# Protecta Reel Grease on drag washers?



## paulo (Nov 1, 2007)

I have just upgraded a half dozen reels to carbontex and wonder if anyone is using Protecta Reel grease on their drag washers? 
I read a lot about Cals but have Protecta already and want to finish the job. I havent found a reference to anyone using it and wonder if its the right consistency.


----------



## jbonez (Jul 9, 2013)

Hey mate, I have used inox mx6 on my drag washers with success, not without reading a fair bit about it first, I can give you some if you want as I have a 450g tube and itl take a while to get through it. (sorry this does not answer your question)


----------



## scater (Nov 24, 2007)

Heaps of people run carbontex washers dry. If you find they're not smooth enough, use a tiny bit of your grease. I don't think there's anything special about Cal's.

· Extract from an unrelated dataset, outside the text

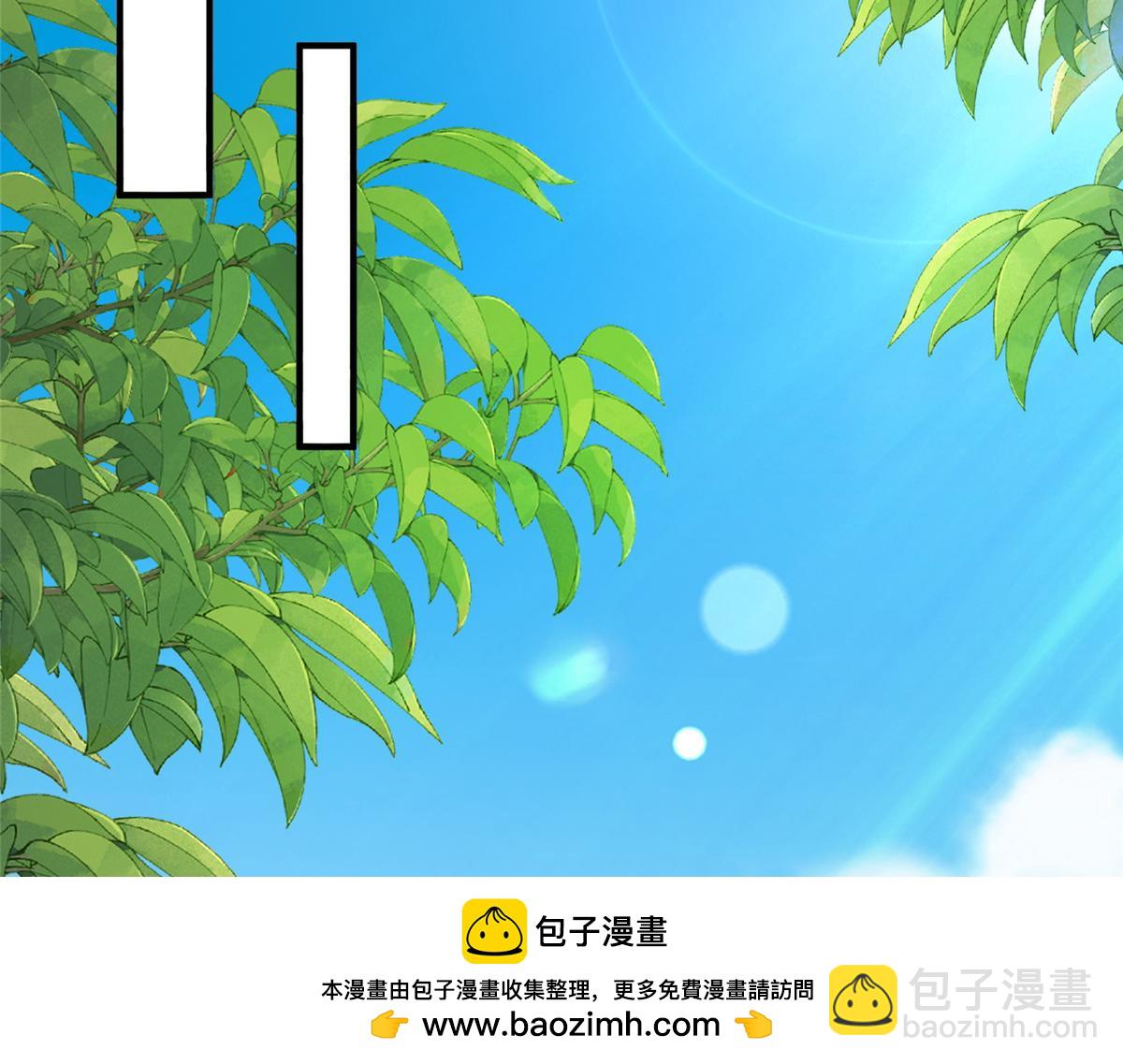 778 该收网了84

I use Daiwa grease the same as goes into the reel during a service.


----------



## Slazmo (Oct 18, 2010)

jbonez said:


> Hey mate, I have used inox mx6 on my drag washers with success, not without reading a fair bit about it first, I can give you some if you want as I have a 450g tube and itl take a while to get through it. (sorry this does not answer your question)


I run Inox MX6 out of the tube not the tub (based on the NLGI rating) on my and others drag washers from Shimano & Daiwa stables when I service reels.

Protecta oils and greases... Used once and binned them, awful stuff...


----------